Suara hutan di malam hari terdengar bagai alunan orkestra yang indah di telinganya. Dia mendongak, besok ia akan pergi dari kota ini menuju ibu kota.
Dimana kehidupannya akan berubah menjadi lebih moderen. Tidak ada mendaki gunung setiap hari, tidak ada main air di sungai, tidak ada membantu petani memanen padi, dan hal yang biasanya ia lakukan. Sekali lagi, anak perempuan itu menghela napas panjang. Ia akan amat sangat merindukan kota ini.
Namanya Nona, ia baru saja tamat sekolah dasar. Sahabatnya gunung, buku diary-nya adalah langit, dan lampu-lampu kesayangannya adalah bintang. Ia selalu hidup bersama alam.
Angin malam kembali berhembus menerpa tubuh kurusnya, memaksa Nona untuk masuk ke tenda yang ada di belakangnya.
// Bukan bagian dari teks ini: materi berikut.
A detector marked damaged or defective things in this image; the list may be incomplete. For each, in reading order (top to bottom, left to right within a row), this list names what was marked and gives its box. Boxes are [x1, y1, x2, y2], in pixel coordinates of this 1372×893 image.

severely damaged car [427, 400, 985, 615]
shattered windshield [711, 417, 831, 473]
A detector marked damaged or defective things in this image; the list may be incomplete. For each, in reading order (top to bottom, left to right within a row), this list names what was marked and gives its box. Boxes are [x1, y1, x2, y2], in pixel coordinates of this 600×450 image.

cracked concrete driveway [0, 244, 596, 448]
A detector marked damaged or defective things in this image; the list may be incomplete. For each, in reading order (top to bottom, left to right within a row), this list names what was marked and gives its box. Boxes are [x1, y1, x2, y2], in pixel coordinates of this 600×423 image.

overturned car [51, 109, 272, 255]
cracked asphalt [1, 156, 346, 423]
Akhirnya, dengan berat hati Nona memadamkan api unggun yang ada di sampingnya, lalu masuk ke dalam tenda.
Nona melapisi sebagian tubuhnya dengan selimut. Matanya menerawang ke langit-langit tenda. Pikirannya melayang, mengingat bahwa ia pernah berkunjung ke ibu kota dalam jangka waktu yang—menurutnya—tidak singkat.
Saat itu ia tinggal di rumah adik Mamanya yang menetap di ibu kota. Dia juga berkenalan dengan anak-anak di komplek tantenya. Ada tiga anak yang akrab dengannya.
Yang tomboy namanya Una
Yang heboh namanya Ken
Nah, yang satu lagi...Nona meringis, mereka adalah kembar tiga dengan sifat yang berbeda, Nona jelas ingat wajah anak itu. Anak pendiam, dia yang paling mencolok karena sangat berbeda dengan dua saudaranya yang lain.
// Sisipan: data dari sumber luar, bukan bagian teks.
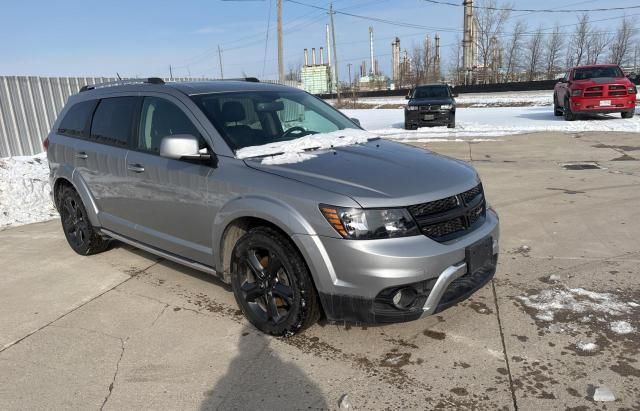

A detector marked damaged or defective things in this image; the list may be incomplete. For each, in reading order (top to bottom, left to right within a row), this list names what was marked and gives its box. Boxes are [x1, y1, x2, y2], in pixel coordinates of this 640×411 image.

cracked concrete [0, 131, 636, 408]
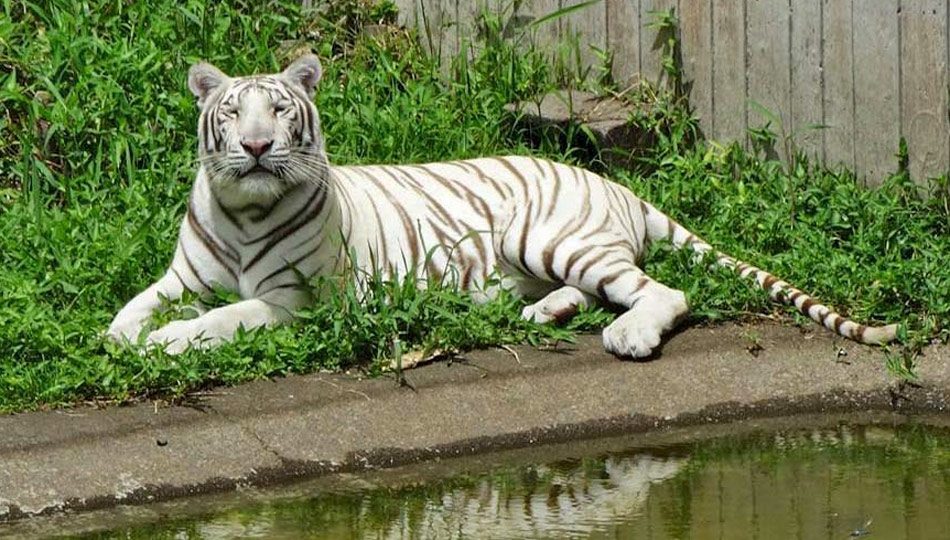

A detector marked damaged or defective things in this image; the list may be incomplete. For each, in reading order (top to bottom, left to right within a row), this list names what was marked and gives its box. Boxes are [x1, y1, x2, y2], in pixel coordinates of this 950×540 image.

cracked concrete [1, 320, 950, 524]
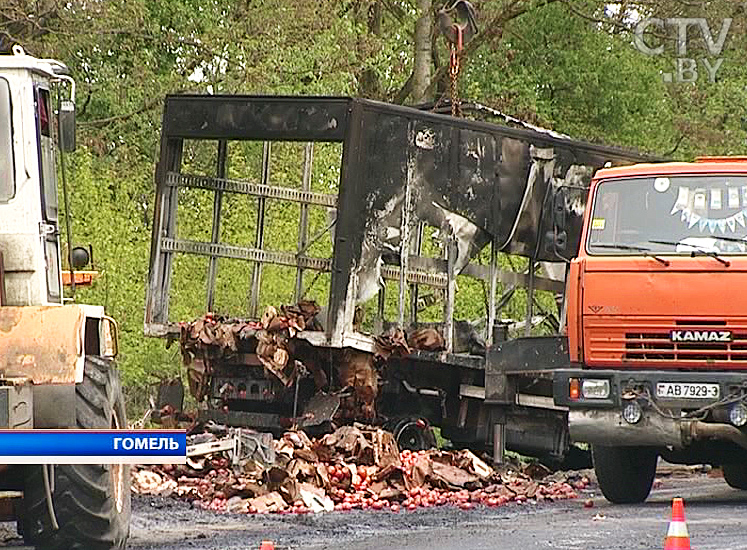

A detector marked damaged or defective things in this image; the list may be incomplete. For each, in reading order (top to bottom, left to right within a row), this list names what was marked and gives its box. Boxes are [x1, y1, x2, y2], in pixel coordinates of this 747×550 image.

burnt metal panel [162, 95, 350, 142]
burned truck trailer [145, 97, 648, 464]
charred metal frame [145, 95, 656, 354]
burned cargo [145, 96, 656, 466]
burnt tire remains [19, 356, 131, 548]
burnt tire remains [592, 446, 656, 506]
Oh, ayo lah. Nona masih berusaha. Rambut mereka ber-tiga keriting, benar. Lalu siapa namamu? Nona mulai frustrasi. lima menit berpikir keras, Nona menyerah. Ia memejamkan matanya dan saat itu ia teringat nama anak itu. Nona langsung terduduk—saking senangnya—ia sudah ingat namanya.
Yang pendiam dan menarik perhatian, namanya Alkan.
Nona tersenyum lega, ia mengingat semuanya.
•
•
•
Prolog : end
KAMU SEDANG MEMBACA
Hidro karbon
Teen FictionKisah yang menceritakan Empat orang sahabat kecil yang kembali bertemu di kemudian hari. Tidak ada yang terlupakan, tidak ada yang terabaikan. Setidaknya itu yang Nona tahu. Menurutnya kehidupannya sangatlah sempurna. Orang tua yang mencintainya, s...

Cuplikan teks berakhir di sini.